In the fifth century Uzès became the seat of a bishop before coming under control of the counts of Toulouse. Under the Kings of France who took over in 1229, the lords of Uzès distinguished themselves as loyalists and were rewarded with the title – ‘The first Duchy of France’. And it’s really the Dukes of Uzès that have shaped the town’s history.
The current de Cressol family, who can trace their lineage as far back as Charlemagne, still reside at the Duche or ducal castle, which is the centrepiece of Uzès’ old town. Their motto ‘ferro non auro’ or ‘by iron, not gold’ alludes to their feisty nature having fought their way in to the aristocracy rather than buying their place. It might also explain why they felt the need to build a considerable castle keep!
Like nearby Nimes, Uzès embraced Calvinism and became an important Huguenot centre in France. The Huguenots were members of the French protestant church, inspired by the writings of John Calvin and mainly based in southern regions of the country. Eventually they reached over two million in number, nearly one eighth of the France’s Catholic contemporary population.
As hostility grew between Huguenots and Catholics, the ‘Wars of Religion’ broke out which lasted almost two centuries and eventually, the Huguenots were suppressed, executed and forced to flee France. Only the bell tower of Uzès medieval 12th century cathedral survived the discord caused by the hostilities.
The round bell tower or Tour Fenestrell of the Cathédrale Saint-Théodorit is unique in France and rises 42 metres above the outskirts of the old town; it is, as my Rough Guide puts it, ‘strongly recalling the Leaning Tower of Pisa’. Eventually, Uzès’ remaining Catholics (including a number of forced converted Huguenots) turned to the silk trade to rejuvenate the town’s fortunes.
Encased in the one-way Boulevard Victor Hugo road, we easily wandered Uzès cobbled old town streets in just over an hour.
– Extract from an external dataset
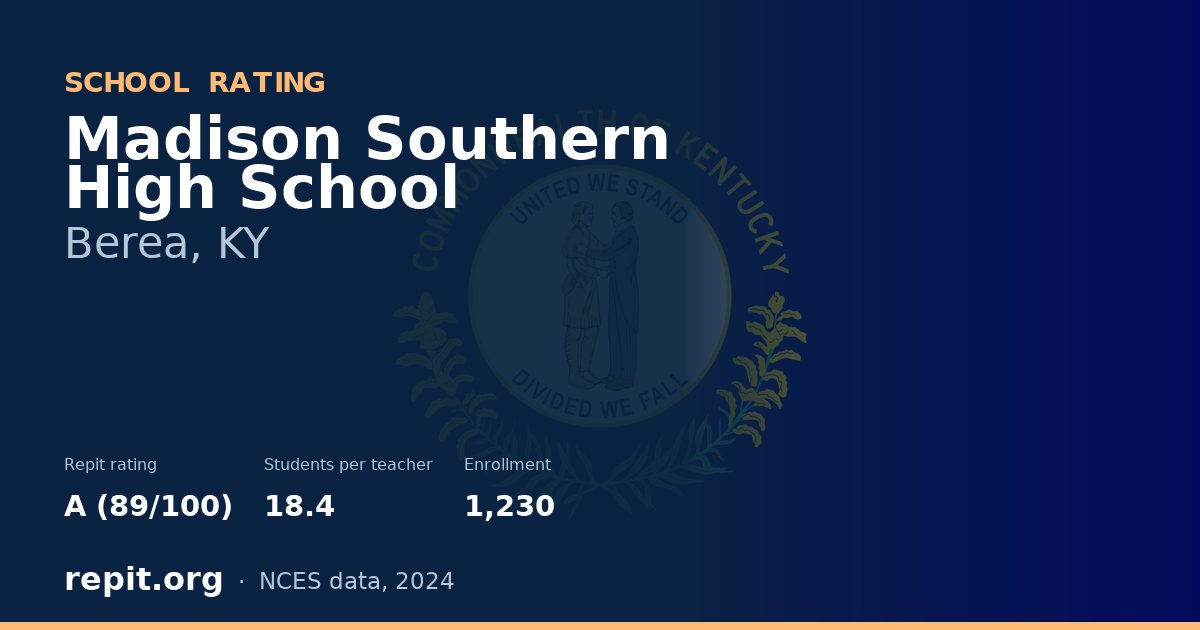 Madison Southern High School, Berea, KY — Repit school rating A (89/100)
The pedestrianised streets are crammed with small boutique shops and in fact I’m pretty sure we found the twin to Chipping Norton’s Mash. And these streets lead towards the Place aux Herbes, a large central square lined with trees. Just at the end of the summer tourist season, chairs and tables from the restaurants that line the square’s perimeter slowly creep out on to the patio.
In good weather buskers and street entertainment fill the small courtyards strewn through the old town and my dad, became embroiled in a friendly (not-so-friendly) France vs. Britain chess match (which we won!) There seems quite a strong Italian vibe in Uzès and we found a great pizzeria which was doing a roaring take away trade amongst the locals.